UAA offered unique opportunities for Earle to further his career, but Anchorage also offered new adventures for him and his family.

“Anchorage is an up and coming cosmopolitan city that I thought would be a wonderful place for raising my kids, and doing different things along those lines,” Earle said. “I thought, ‘you know what? Let’s take a leap of faith and go.’”

During the application and interview process over this past summer, Earle visited and interacted with members of the UAA community.

“I really enjoyed the university and really enjoyed the people that I met,” Earle said. “It looked like an incredible, good group of people and a very dedicated department staff within the police department.”

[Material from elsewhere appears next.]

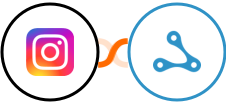 Instagram for business + Axonaut Integration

For now, Earle is working with the UAA University Police Department as he completes what he calls a “listening tour.” He describes the tour as communicating with students, staff and faculty throughout UAA and by attending events, such as the Faculty Senate meeting in October, and introducing himself. From these experiences, Earle can work on determining his goals for the department.

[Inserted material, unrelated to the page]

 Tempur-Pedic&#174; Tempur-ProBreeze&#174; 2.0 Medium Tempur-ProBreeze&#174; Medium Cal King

One goal that Earle is working towards is making sure that UPD is fully staffed. Currently, UPD is looking to add new officers to their department roster.

When not in uniform, Earle enjoys spending time with his family and exploring the outdoors.

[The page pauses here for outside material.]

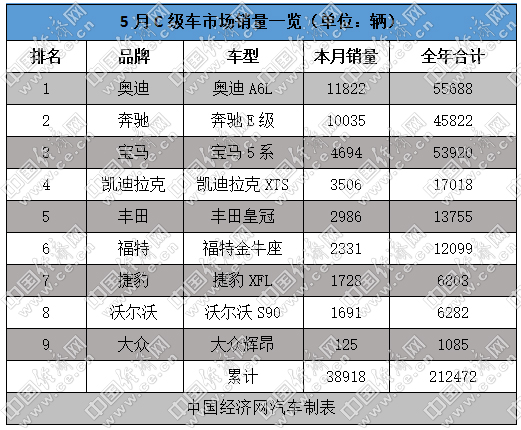 C级车系列之一:为颜面而战 辉昂是否还有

“When I leave [work], it’s [time outside of work] probably full-time Dad, and whatever the kids are doing or are wanting to do kind of dictates the rest of my schedule,” he said.

With five kids at home, outdoor activities are a must in the Earle household, and Alaska delivers that in ways that can’t be found in Texas, Earle says.

“[Earle children are] very active in scouting, and that’s been a really good thing to find up here,” Earle said. “That’s enjoyable because it gets them outside, it’s teaching them survival skills and the things they want and need, and they just have a blast making new friends doing that.”

As Alaska moves into winter, Earle has received advice from his fellow Alaskans and coworkers on how to prepare for the coming winter.

“I jokingly have been telling people that I think I’m being hazed a little bit because everyone keeps whispering to me ‘winter is coming’ from ’Game of Thrones,’” Earle said. “At first, I laughed it off being a ‘Game of Thrones’ fan, but now all of a sudden I’m starting to get a little anxious.”

An Alaska winter may be a big difference when compared to the Texas heat, but there are definite similarities as well, Earle said.

“Alaskan culture is very special. It’s filled with a lot of warmth and caring that is not that much than different Texas, so it’s really nice,” Earle said. “Except for the size jokes. At this point, we’re a little tired of the size jokes.”